§ **EXERCISE DESCRIPTION**
The material below contains a line with "Image no. 1" and a line with "older patient botox". Copy exactly those two lines and all lines between them.

§ **DATA IN THIS EXERCISE**
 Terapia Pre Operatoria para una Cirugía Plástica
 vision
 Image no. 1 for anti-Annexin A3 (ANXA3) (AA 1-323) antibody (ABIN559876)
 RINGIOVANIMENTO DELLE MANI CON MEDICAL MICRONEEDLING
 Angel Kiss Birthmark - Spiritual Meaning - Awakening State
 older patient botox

...

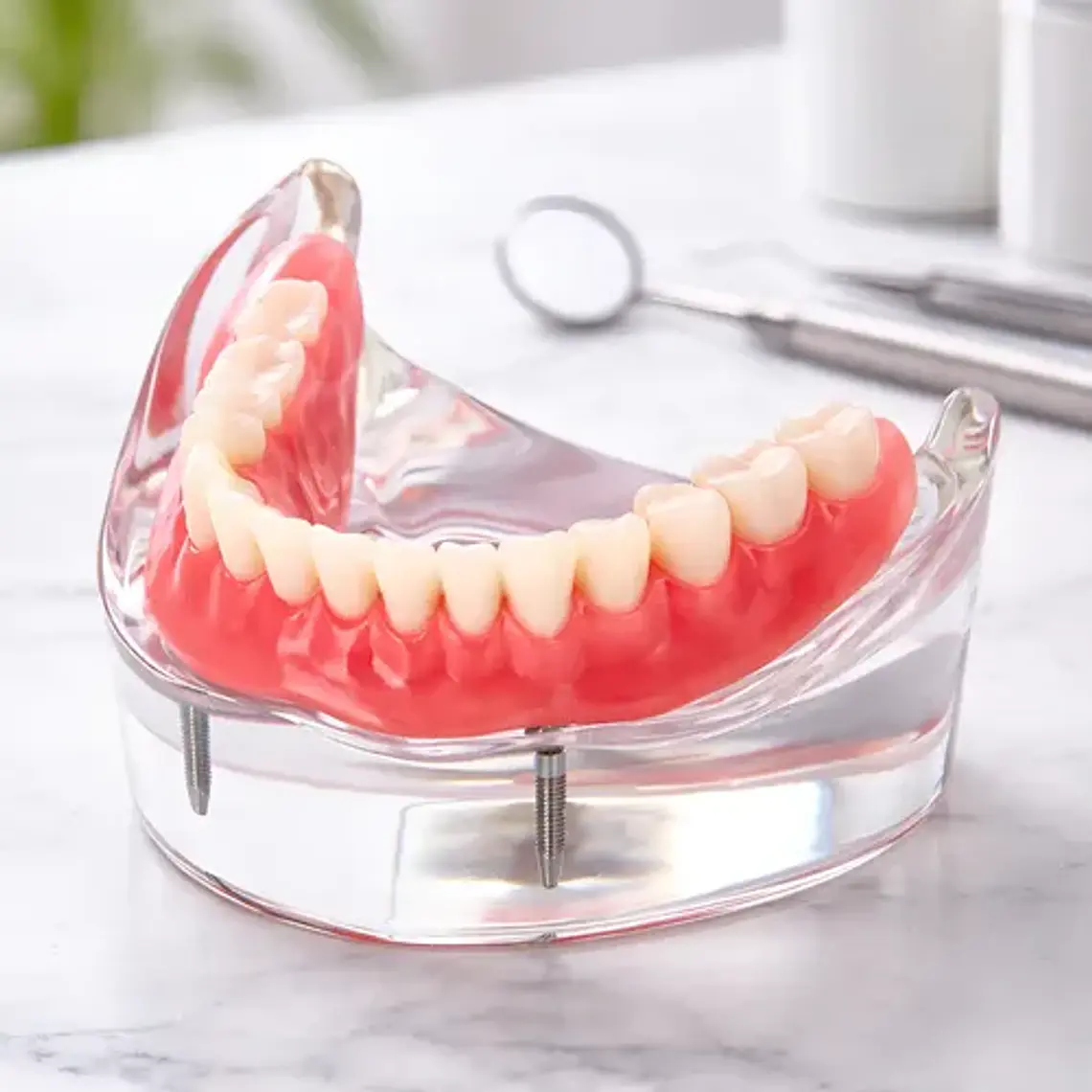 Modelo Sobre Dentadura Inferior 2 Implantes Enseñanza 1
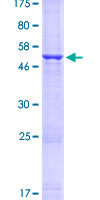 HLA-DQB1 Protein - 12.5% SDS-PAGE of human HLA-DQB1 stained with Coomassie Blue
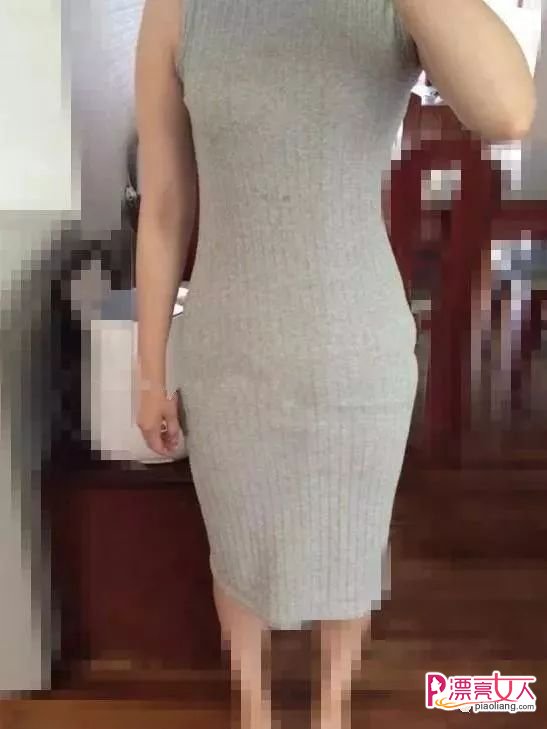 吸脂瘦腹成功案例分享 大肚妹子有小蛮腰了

§ **TASK RESULT**
 Image no. 1 for anti-Annexin A3 (ANXA3) (AA 1-323) antibody (ABIN559876)
 RINGIOVANIMENTO DELLE MANI CON MEDICAL MICRONEEDLING
 Angel Kiss Birthmark - Spiritual Meaning - Awakening State
 older patient botox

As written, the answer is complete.